What’s hot (and what's not) about 69?
Written for GFH by Luna Matatas
69 is a sex position where you are head to toe with your partner, usually giving oral and manual stimulation to genitals and/or anuses simultaneously. Sounds hot, right? It absolutely can be, but it can also be uncomfortable and distracting for some people.
So, what makes 69ing hot?
- Some people love 69ing because there’s an opportunity to give and receive pleasure, especially oral pleasureat the same time—and this dual stimulation can feel incredible (or, for some it can feel overwhelming).
- The 69 positions allow for a lot of skin to skin contact, and this can increase feelings of sensuality, intimacy, and relaxation.
- It’s a great way to mix up oral sex from the usual go-to positions.
- There’s a lot of sensation in 69, some people enjoy feeling overwhelmed by their partner’s bodies, scent, and juices.
- Orgasming in 69 can be really intense for both people because of all the stimulation throughout the body during and after an orgasm.
- 69 can be a fulfillment of an erotic fantasy or a part of a roleplay that involves an erotic power exchange.
What makes 69 not-so-hot?
- 69 is a lot of stimulation at once from giving and receiving oral—this can make some people feel overwhelmed and steal from their ability to sink into sensations of pleasure.
- It can be distracting to give and receive pleasure at the same time, especially if you aren’t super comfortable receiving oral in the first place or if you worry about your own skills in giving oral—it’s easy to get stuck in your head during 69. It can also be harder to orgasm for some folks in this position due to the need to focus on only one thing at a time in order to climax.
- Body insecurities can come up during 69. The person on top might worry about their weight on the partner who is on the bottom, and this can be distracting from the sensations happening. Society has also taught us a lot of shame around the taste, scent and feel of genitals, especially vulvas—so for some people having their vulva smushed on someone’s face can bring up feelings of body shame.
- If you are different heights and body shapes, 69 can make it hard to reach each other’s genitals with your mouths at the same time. Some people also find it’s hard to communicate in this position because you’re far away from your partner’s face.
- It can feel too intense to be on the bottom and not have much control of the depth of a partner’s penis in your mouth (and some can find that an exciting feeling, too). If this is the case, try being on top or side-by-side instead, asking your partner to not rock their hips, so you have more control over the depth of penetration.
How can 69ing be hotter?
- It still counts as 69 if you aren’t doing things simultaneously! Try using your hand if your partner’s genitals aren’t in reach or your mouth is tired. You can also alternate by being an active giver and an active receiver, especially if this makes it easier to orgasm.

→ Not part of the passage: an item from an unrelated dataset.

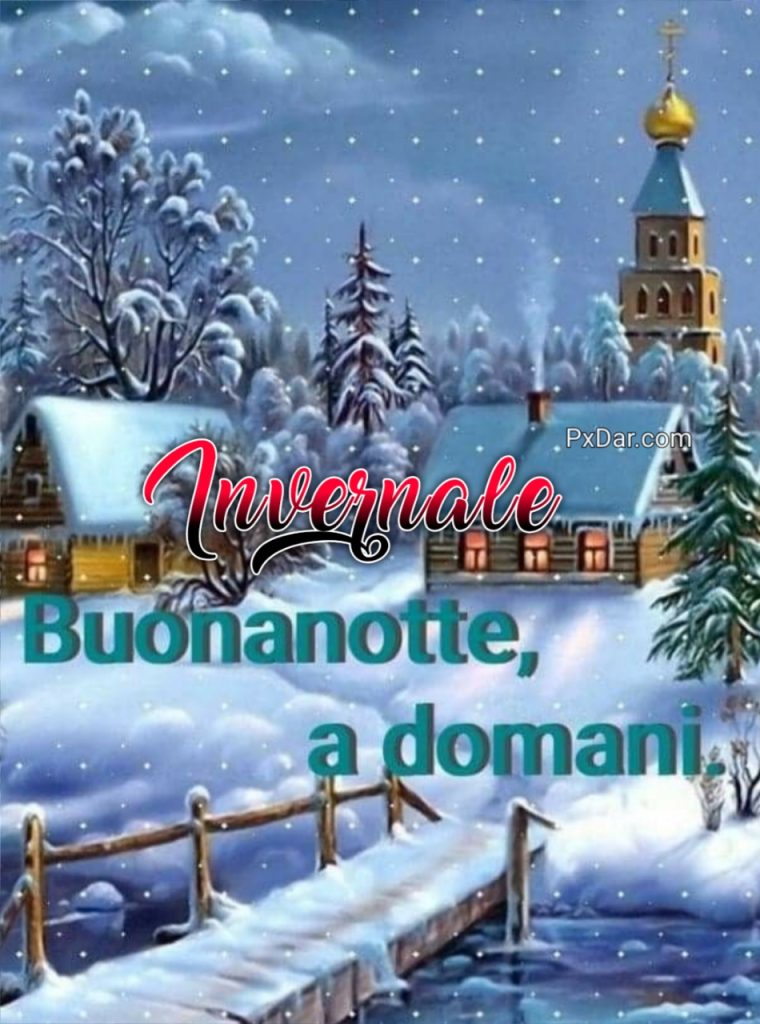 Buonanotte Invernale Immagini Nuove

- Body weight or size don’t have to determine who is on top and who is on the bottom. Try putting a pillow under the bottom person’s head and/or pelvis to raise their body closer to the person on top. Tune into non-verbal ways of communicating; like listening to your partner’s breathing or moans, watching their toes curl, feeling them grind their pelvis, or interpreting their grip on your body with your hands. You can also establish ways of non-verbal communication beforehand—like tapping on their thighs or squeezing a noise maker.
- Try having one person lie on their back on the bed with their head hanging off the edge and the other person standing and leaning forward and reaching for the genitals of the person on the bottom. From this position, the bottom person can eventually slide onto the bed and the top person can readjust so they can use their hands and mouth.
- Try side-by-side 69 where there is no weight on the other; you can even relax your head on your partner’s thigh.
Tips for using sex toys during 69:
- You can try butt plugs to engage anal pleasure.
- Remote controlled/bluetooth toys add an extra element of control and hands-free pleasure, like prostate massagers.
- Holding a vibrator against your partner's clitoris, or on their perineum can be a lot of fun.
- Using dildos or internal vibrators can provide a kind of penetrative pleasure that fingers or tongues can’t give in 69.
- Cock rings are great for helping to strengthen and maintain erections, which is great for people who might not be erect during 69 and other positions where they are on their back.
- Hold toys against your partner with your hand or use them when you’re taking breaks with your mouth to mix up the pleasure sensations.
- Remember to use lube with or without toys, spit isn’t enough to keep the optimal textures that benefit our genitals for pleasure. Use flavoured lube if you want to add to your partner’s taste.
Orgasm doesn’t have to be the ultimate endgoal of sex, and 69ing is no exception, so taking the pressure off of it allows 69 to also be a position for fun, intimacy, playfulness, relaxation, and pleasure! It might be a position that you warm up in and move to another position. At the end of the day, just be safe, and have fun with it.